Michael Diekmann
Michael Diekmann, chief executive of Allianz, the German insurer that owns Pimco Reuters

Allianz Group is trying to bat away concerns over its troubled asset management firm Pimco.

Billions of dollars have been pulled out from Pimco funds amid weakening returns and reams of negative press coverage over a spat between Bill Gross and Mohamed El-Erian.

German insurer Allianz faced tough questions over Pimco at its annual general meeting, with some shareholders calling for it to get more involved in the world's largest bond fund to sort out its problems.

But Allianz boss Michael Diekmann said there is "really no reason to be hard on us" because Pimco has one of the best long-term performances of all asset managers, despite the outflows and diminishing returns across 2013 and 2014. It remains a cash cow for Allianz.

Pimco's recent troubles kicked off when El-Erian suddenly quit as chief executive and co-chief investment officer.

He was lined up to be the heir to the so-called "Bond King" Gross, a co-founder, managing director and co-chief investment officer at Pimco.

But details emerged of a bitter feud between the two men. Reports surfaced of one particular clash at Pimco's Californian headquarters, in which El-Erian told Gross he was "tired of cleaning up your s**t".

Following El-Erian's departure, Pimco appointed six new deputy chief investment officers at the firm in a bid to reshuffle the executive deck and show investors that the leadership had been refreshed.

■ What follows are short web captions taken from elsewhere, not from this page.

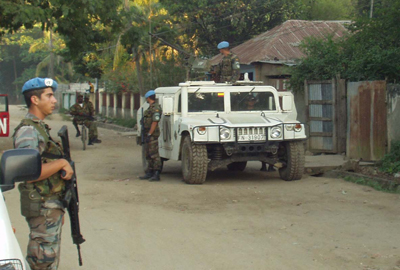 LOS INFANTES DE MARINA PARTICIPAN EN UNA OPERACIÓN PARA RESTABLECER LA SEGURIDAD ENTRE LOS PUEBLOS DE TROU DU NORD Y DUBOUT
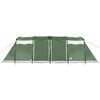 vidaXL Family Tent Tunnel 8-Person Green Waterproof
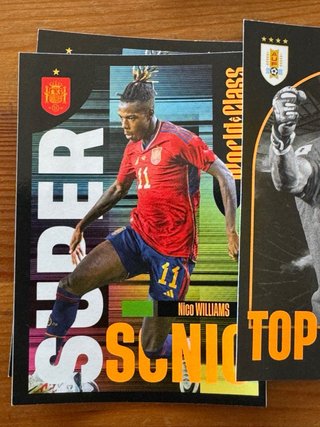Lote Cromos World Class Game Changers Panini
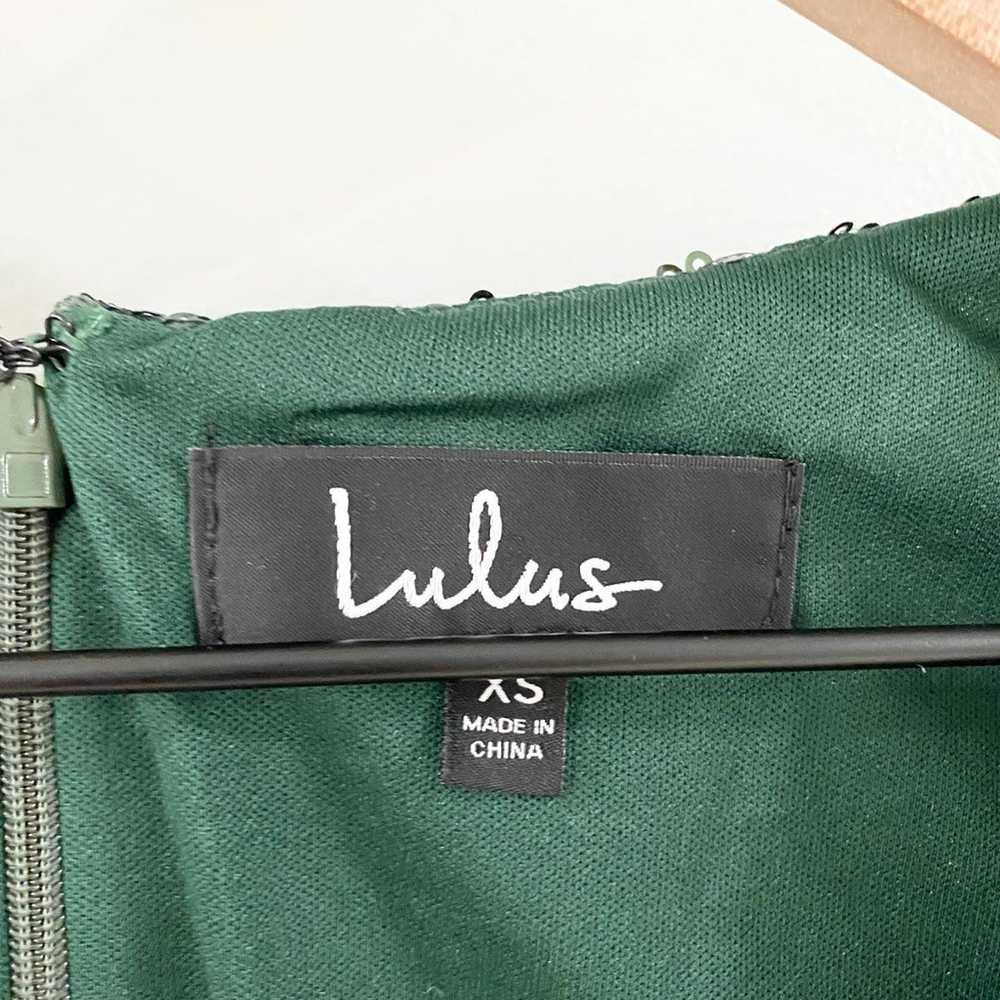 Lulu’s Kasson Green Sequin Bodycon Mini Dress Siz… - image 7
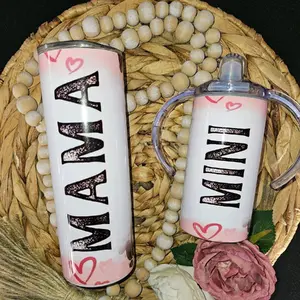 Cow Print Mama And Mini Tumbler Set Stylish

"Responsibilities within Pimco have been redistributed and clearly regulated," Diekmann said at the AGM. "They now lie on more shoulders."

He added that clients had given "very positive feedback" about the new Pimco structure and that Allianz would "do anything sensible to strengthen Pimco further".

The Bill Gross-managed Pimco Total Return Fund has suffered 12 consecutive months of outflows as investors pulled out another $3.1bn (£1.82bn, €2.22bn) in April.

The fund has suffered a total of $55.26bn in net outflows since May 2013, according to Morningstar data.

It managed assets worth $230bn at end of April 2014, down from a peak of $292.9bn in April 2013.

Worse still, it also continued its string of downbeat returns in April. At 0.74%, it trailed 68% of its peers.